New radio PIDs, more than 8 characters - "solved"

M Clark mclark at gmx.co.uk
Mon Aug 14 05:19:14 PDT 2017


Aside from tellyaddict's caveat (others welcome);
snip

> I think what Charles was meaning is that if you were using --url "http://www.bbc.co.uk/programmes/b08xy0gl" rather than a direct PID then the code is looking for something starting with either b, p or w followed by between 7 and 14 letters or numbers and the first thing it hits that matches all that criteria is the word "programmes". Like you say, GiP wouldn't return any VPID info but as it finds programmes to be a valid PID, it won't keep looking for the proper PID in that URL so would never be able to download from a URL.
> 

?
pseudo code
if --url
  strip characters following last /
  use as pid
  validate_pid
end-if
?

Anyway...
changing all 7 occurrences (sigh...) of
[bp]0[a-z0-9]{6}
to
(?:[bp]0[a-z0-9]{6}|w[a-z0-9]{7,14})
solves the w3*, w1* problem for Me.

I only use WebPVR and command line with explicit pids.
A re-run of WebPVR successfully downloaded all my outstanding programmes.  I then refreshed (radio) cache, made selections (b*, p* & w*) and everything down loaded fine.
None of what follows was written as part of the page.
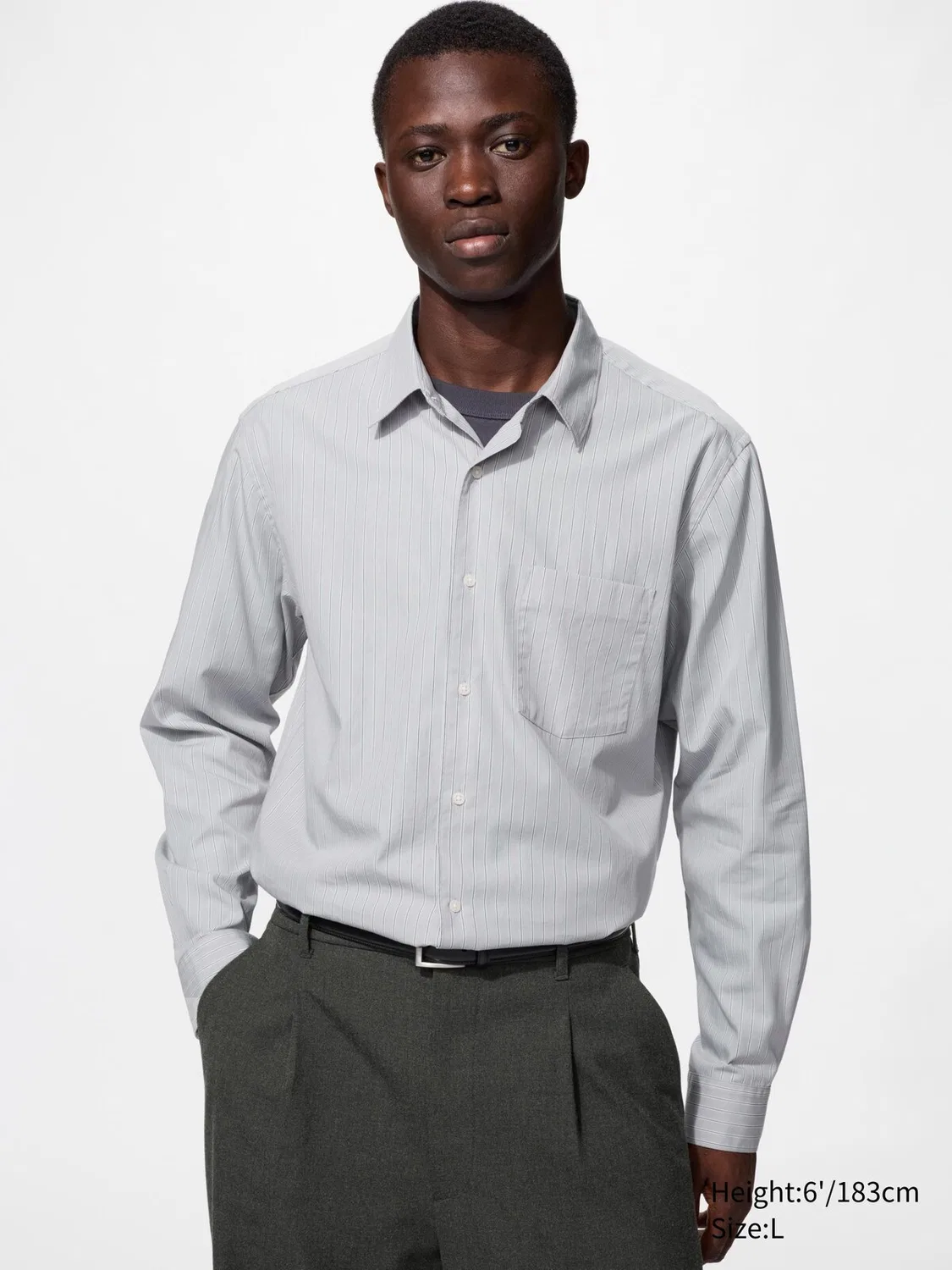 Рубашка Uniqlo, мужская, в полоску, серая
Big thanks to Vangelis & Ralph.

FWIW
I usually refresh radio cache daily, make selections and then run WebPVR (or list on command line).  First noticed a w* pid on the 5th August (Music Extra: The Music of Time - The Music of Time – Cuba (w3csvnyc) ).  Thought it was a one-off.  It was until the 12th when a slew of w3* and w1* appeared.
Can't comment on the BBC's Pid.php;
https://github.com/bbc/programmes-pages-service/blob/master/src/Domain/ValueObject/Pid.php#l14

Also.
No disrespect intended to Dinkypumpkin as "he's" only picked-up existing code but, as an ex-programmer I'm horrified by the code repetition.  Doesn't Perl allow 'functions'?  i.e. if valid_pid ... where valid_pid contains said validation.